Instructor: Shanna Fox

Shanna has been an educator for 20 years and earned her Master of Education degree in 2017. She enjoys using her experience to provide engaging resources for other teachers.

Use these team activities to get your middle school students warmed up and ready to read. Each activity includes a detailed description and list of materials to help you easily implement the ideas in your classroom environment.

Middle School Reading Warmup Activities

Middle school students may not be thrilled with the idea of a reading warmup that requires passage analysis or comprehension questions. Instead, try using these activities that get students ready for the more challenging reading activities of the day. Each activity is designed to be used with teams of students. The activities also have independent exercises to wrap up the activity and help students reflect on their learning.

Headline Hunt

  • Materials: local newspapers or student magazines, graphic organizer, scissors and glue (optional extension).

In this activity, students will predict the content of various articles based only on their headline. For the content of this activity, you may want to use local newspapers or a student-focused magazine available for school subscription.
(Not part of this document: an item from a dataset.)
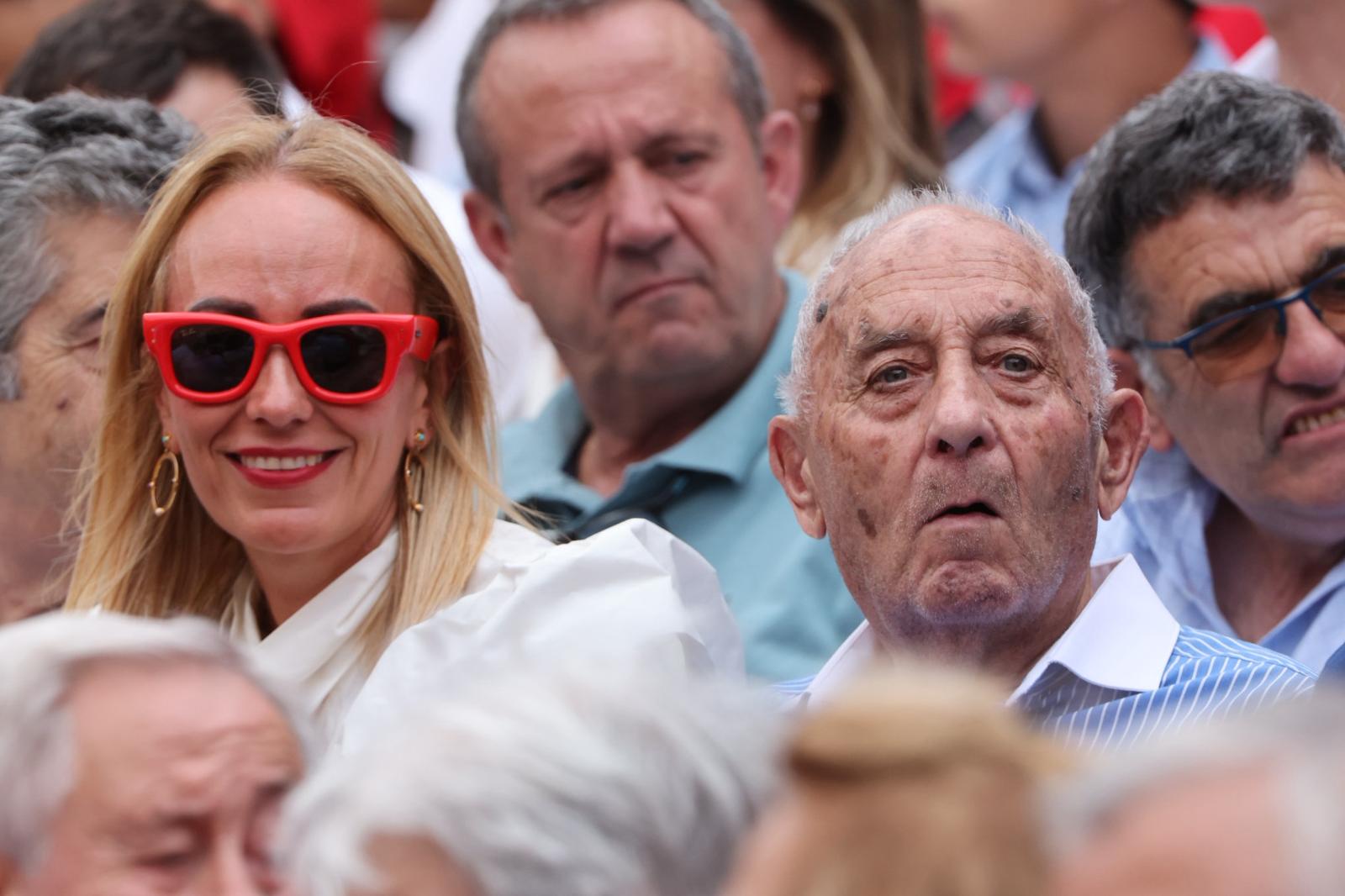 Lleno de caras conocidas en Salamanca para ver a Morante en tarde de &#039;no hay billetes&#039;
  1. Group students into teams of 4 and provide each team with one newspaper or magazine.
  2. Assign roles to students:
    1. The announcer reads the headline.
    2. The scribe writes the headline on the organizer.
    3. The storyteller predicts what the article is about.
    4. The summarizer skims the article and provides an overview of the actual content.
  3. Ideally, each teammate completes each role one time before the conclusion of the activity. When time is limited, you may want to conduct this activity four days in a row, with roles switching each day.
  4. After each round, students should work together to write a short summary of the storyteller's prediction and the summarizer's overview.
  5. As an independent wrap up, students can write a short paragraph about how both the storyteller's prediction and the headline reflect the article's content.

Lyrical Lessons

  • Materials: song lyrics (split into verses and chorus), graphic organizer.

In this activity, students will find the underlying message of song lyrics. Before the activity, find song lyrics that are on-level for your students. Split the song lyrics by separating each verse and the chorus.

  1. Provide each student team with the lyrics to one verse of the song and a graphic organizer for summarizing the lines. If students need additional support, work together to identify the message of the song's chorus.
  2. Ask students to identify the meaning of the verse and summarize it by filling in the graphic organizer. Based on your student population, you may want them to summarize verbally, in writing, or in an illustration. Additionally, you may want them to summarize each line, a group of lines, or the entire verse.
  3. After summary graphic organizers have been completed, ask students to share the meaning of their assigned lyrics. Conduct this portion of the activity in the order of the song and record their conclusions so that all students can view them, if possible.
  4. Discuss how they came to their conclusions, what context clues they used, and if the song's meaning is clearer when viewed as a whole.
  5. As an independent wrap up, have students write down the most meaningful part of the lyrics or apply a portion of them to their own lives.